Your statement stating it was cool that they were caving in so easily demonstrated 2 things to me. #1 They were tired of listening to your BS. #2 You are even more immature than I initially believed, which is saying something, because I believed you were really immature. This is a forum to present and discuss and explore different ideas, not a place to beat down anyone who does not believe like you do. You like Ackley Improved calibers. Actually, so do I, some of them. But to recommend them to new shooters is reckless and irresponsible. And to state your "facts" is even more so.


----------



## smalls

Maybe if we're lucky, he'll go about erasing all of his "expert advice" again.


----------



## OneShotOneKill

*Sdeprie*, I thought you weren't going to respond to my posts anymore. I have always given you the utmost respect that you deserve. You need to read the forum again; I never compared any of those cartridges as equals that you have stated! You shouldn't misquote people! By the way I understand all of your sarcasm attempts, DAH! It is obvious to me that don't understand anything about any Ackley Improved cartridges, because if you did then you would understand the ease of reloading the fire formed Ackley Improved brass. Well take care; I have spent enough time with you.

Have a respectful day.
OneShotOneKill

PS: Young new shooters are what the Ackley Improved cartridges need, learning reloading fundamentals are important to the shooting sport. If they don't want to reload, then buy factory ammo and save the cases for later in life.


----------



## Plainsman

Sdeprie

What is confusing is because we don't agree OSOK thinks we don't understand. At my age it's a good chance I shot an Ackley while he was still in diapers. He doesn't understand that agreeing and understanding are not equivalent. Not in any other world than OSOK's anyway. Ackleys are good, but not magic. I even admitted I would like one or two, but that isn't good enough for him. I guess I am also supposed to hate all cartridges that beat the pants of his 06 Ackley. That would be a bunch of cartridges.

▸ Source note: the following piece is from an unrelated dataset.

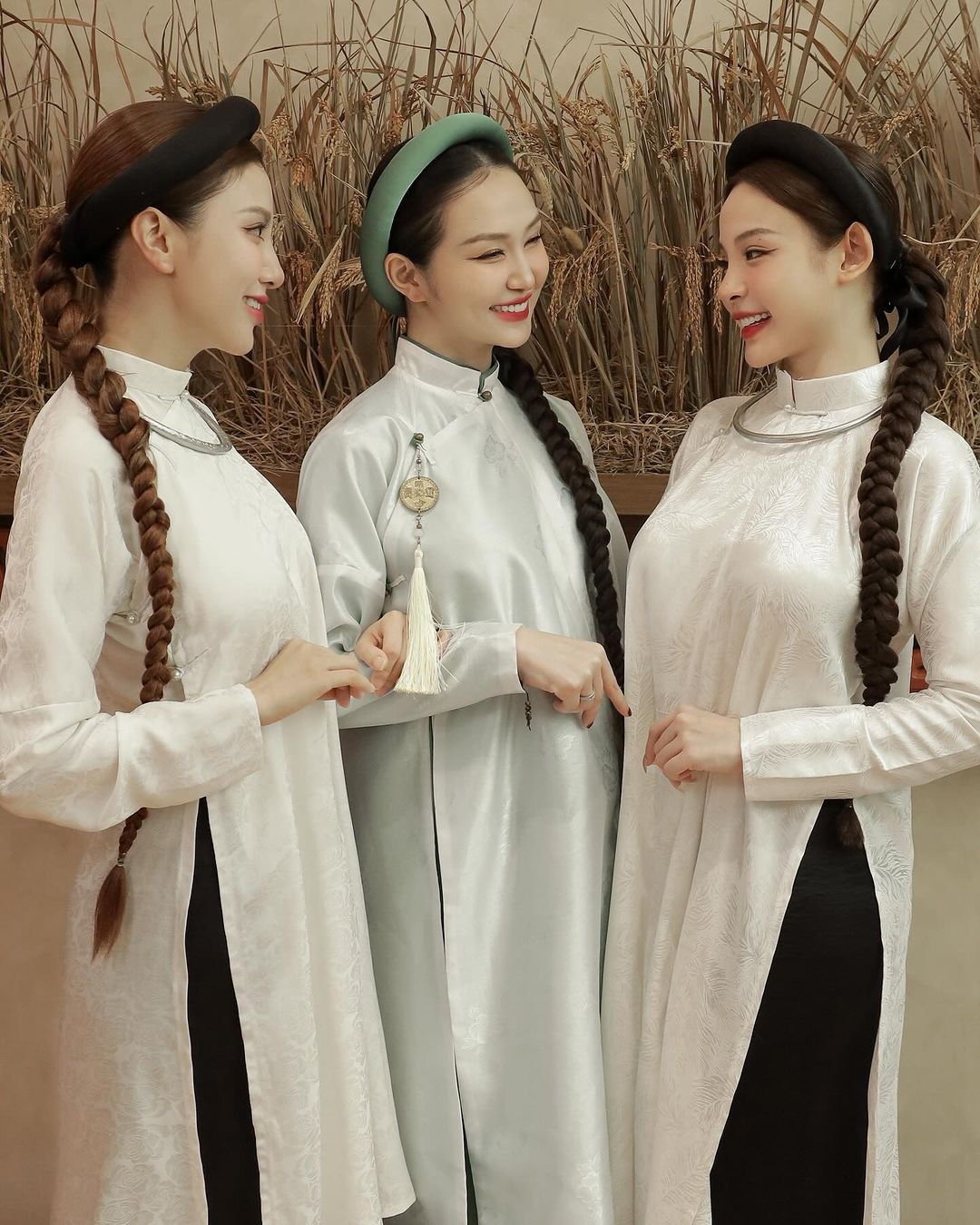 Với chiếc áo dài không chiết eo cùng chiếc mấn trên đầu, bộ 3 cựu hot girl đời đầu tái hiện sự thanh lịch của các tiểu thư Hà Nội xưa.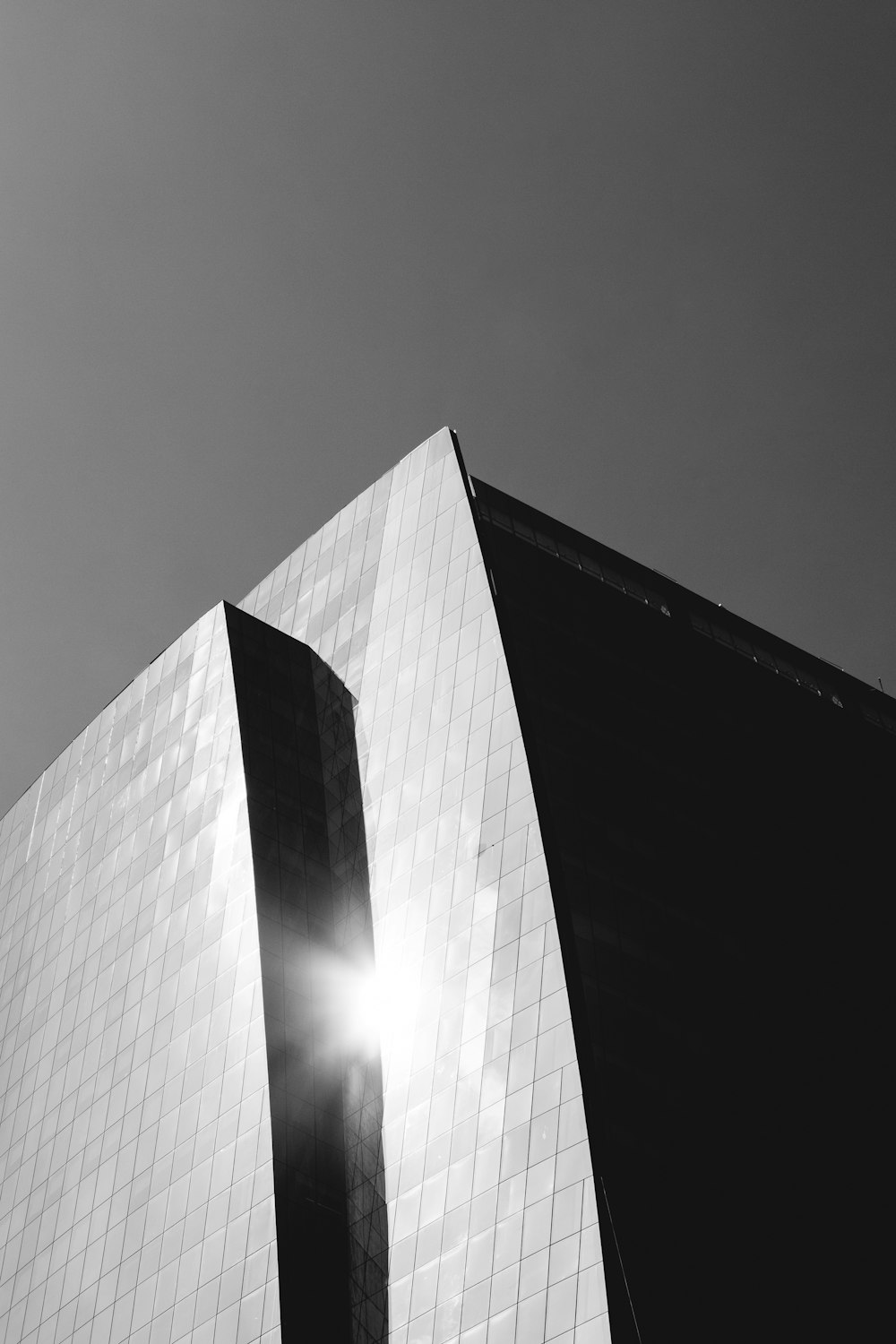 immeuble de grande hauteur en béton blanc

I have read his post where he says "PS: Young new shooters are what the Ackley Improved cartridges need" and tell him yes I agree, but the Ackley is not what the young shooters need. I guess he can't understand what he writes. He is saying that the Ackley needs young shooters, not that young shooters need the Ackley. As you say Sdeprie whooooooosh. If he doesn't understand the English language it follows that he can't understand what an opinion is. Maybe I am wrong, but I always thought everyone is entitled to an opinion. OSOK is entitled to his even if it is wrong.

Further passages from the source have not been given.